▸ Work to complete: Your output should be the lines from the one containing "Fauteuil de style" through the last line below, both ends included, exactly as written and free of pictures.

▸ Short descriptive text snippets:
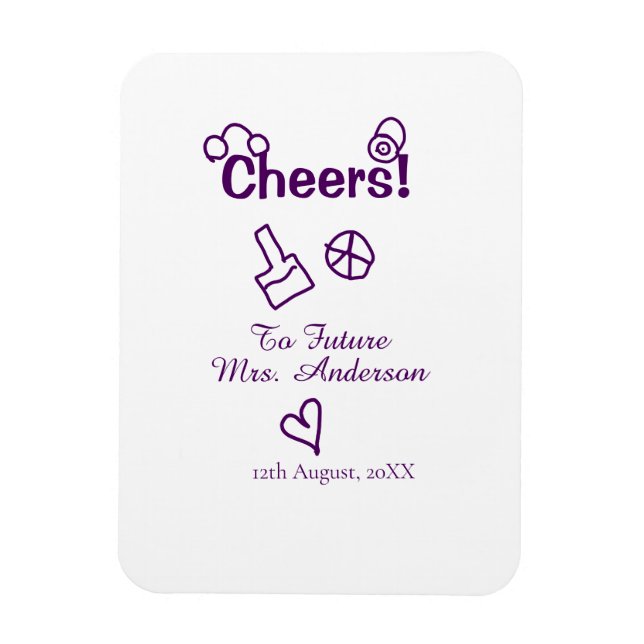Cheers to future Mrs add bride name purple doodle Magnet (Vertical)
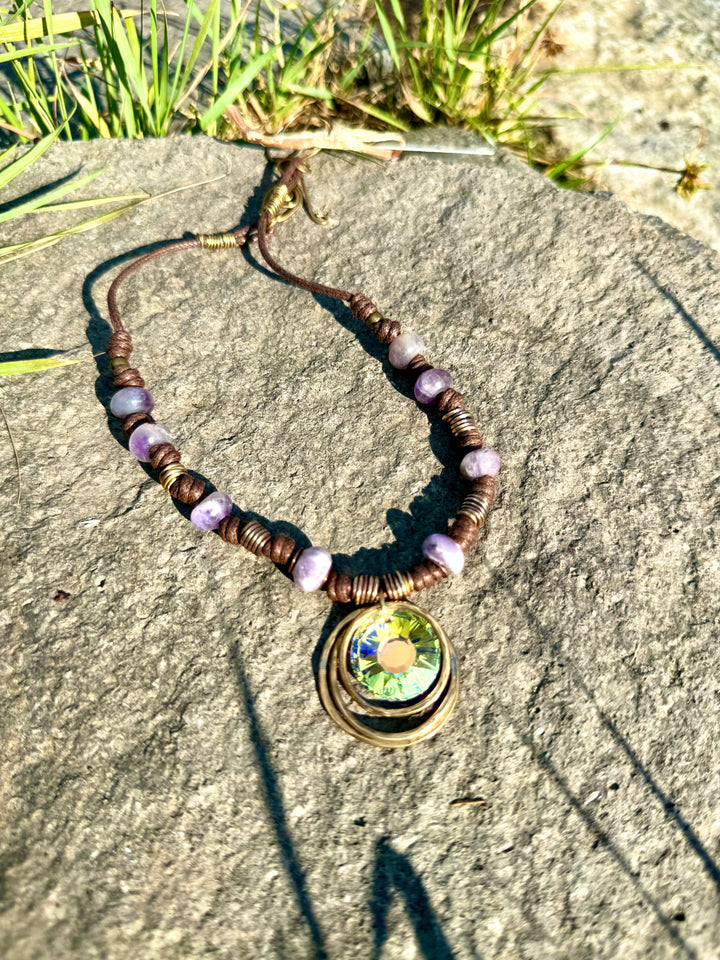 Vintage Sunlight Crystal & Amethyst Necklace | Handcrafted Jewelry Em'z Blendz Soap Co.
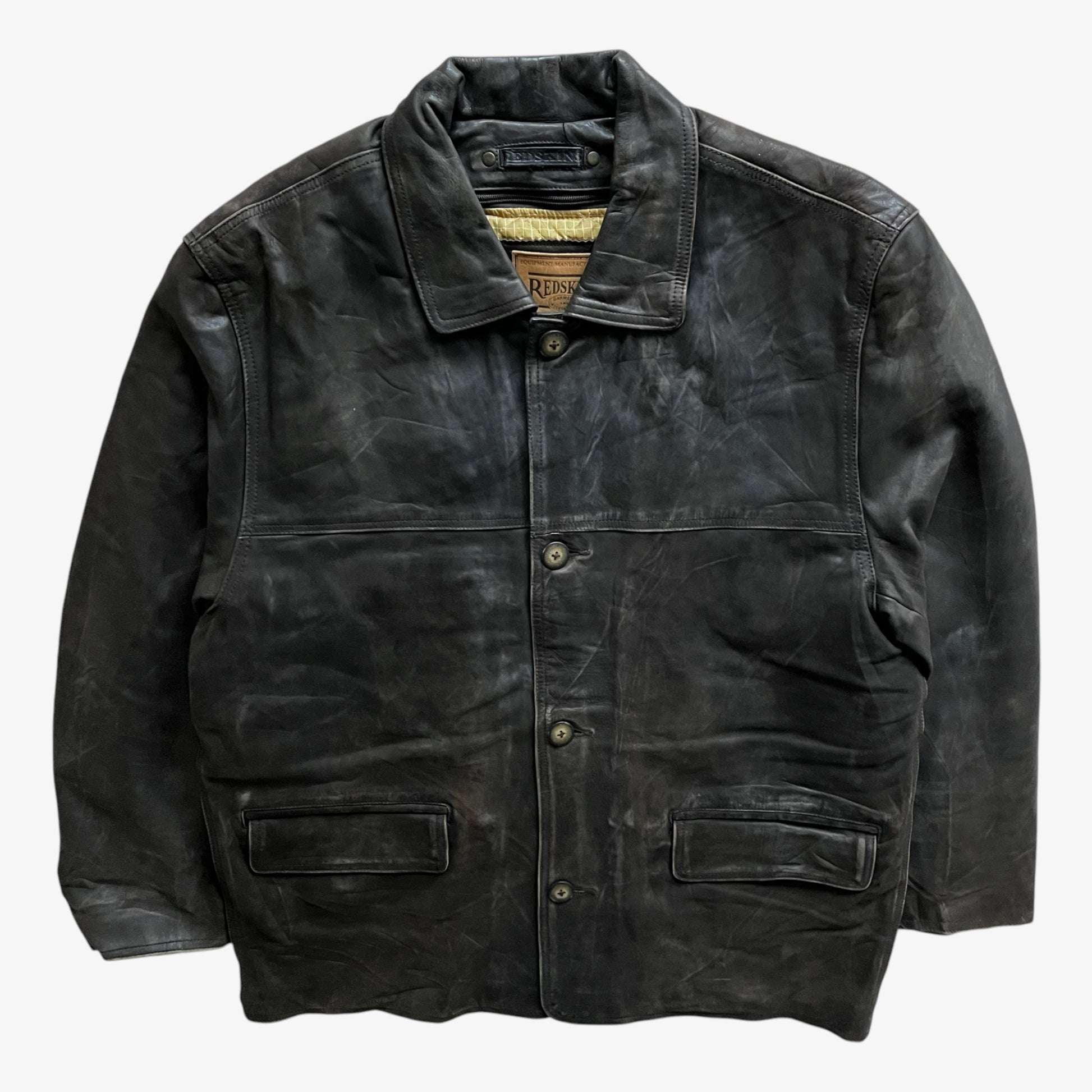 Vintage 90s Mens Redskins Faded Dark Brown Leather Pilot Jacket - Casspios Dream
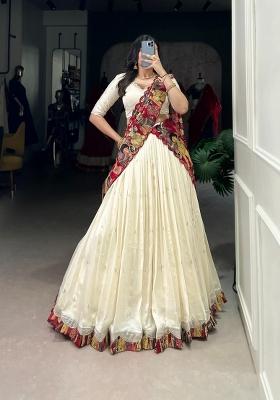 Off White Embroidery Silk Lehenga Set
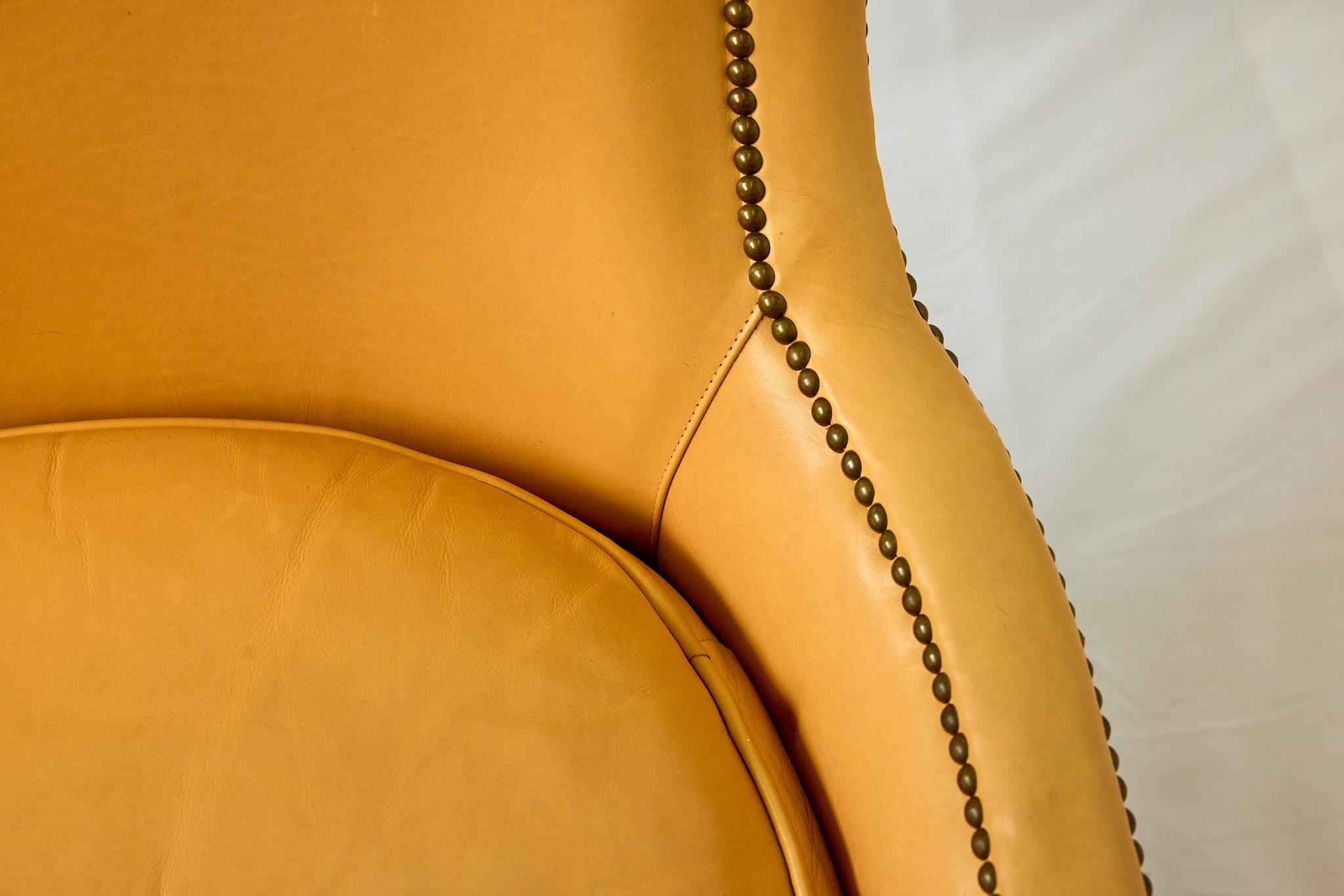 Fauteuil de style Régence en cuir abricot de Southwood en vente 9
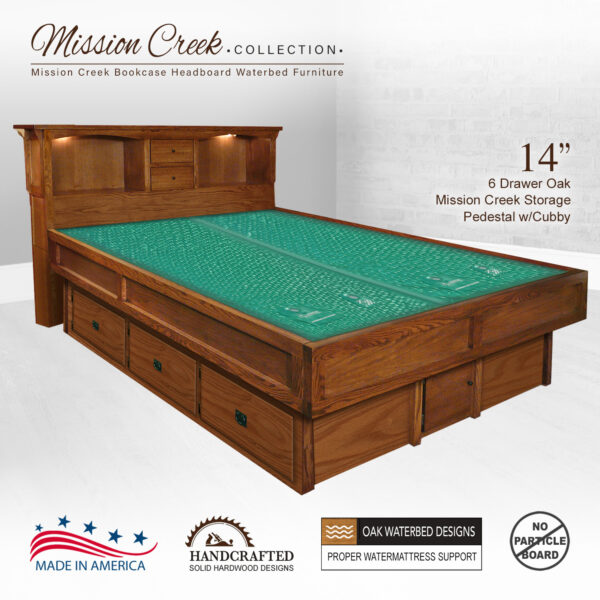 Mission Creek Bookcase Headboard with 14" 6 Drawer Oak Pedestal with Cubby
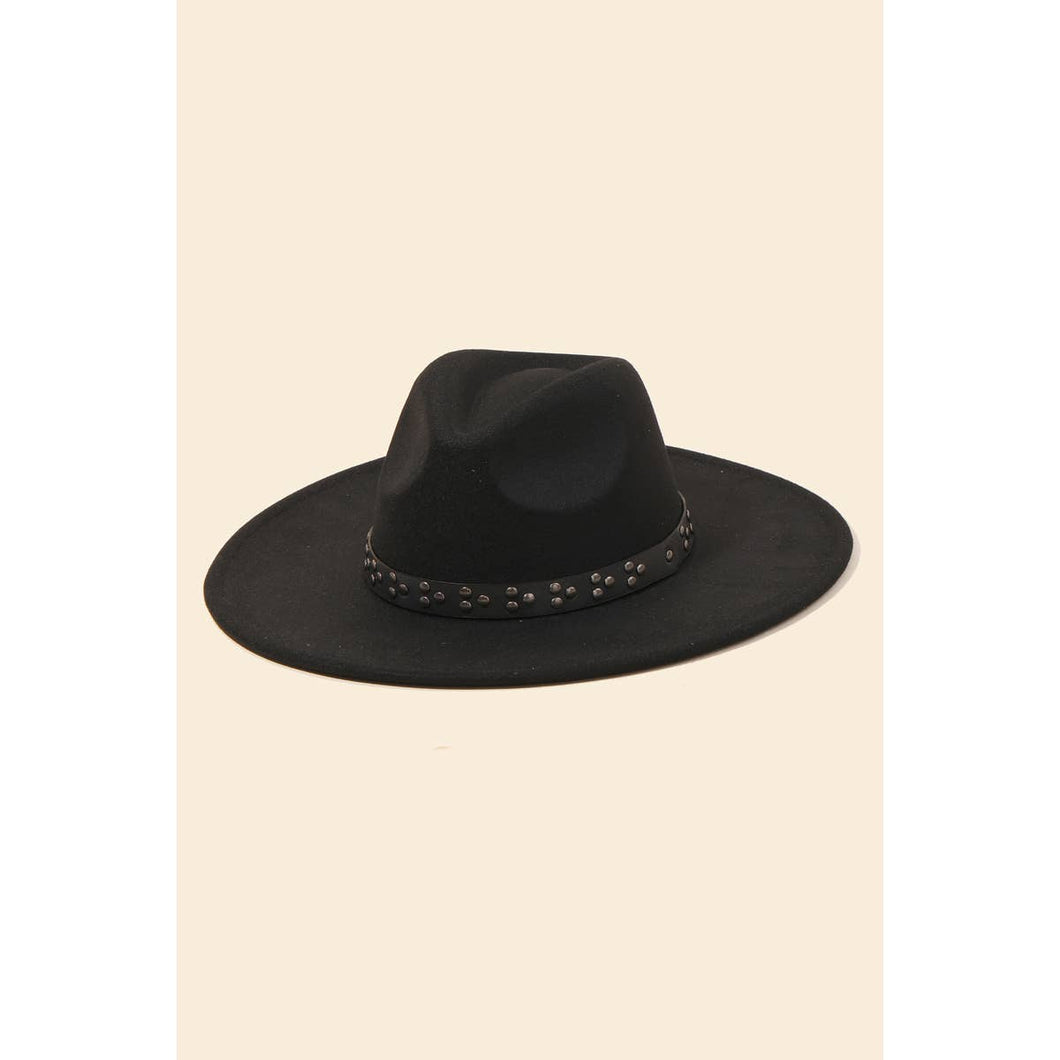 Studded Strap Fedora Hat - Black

▸ Answer area:
 Fauteuil de style Régence en cuir abricot de Southwood en vente 9
 Mission Creek Bookcase Headboard with 14" 6 Drawer Oak Pedestal with Cubby
 Studded Strap Fedora Hat - Black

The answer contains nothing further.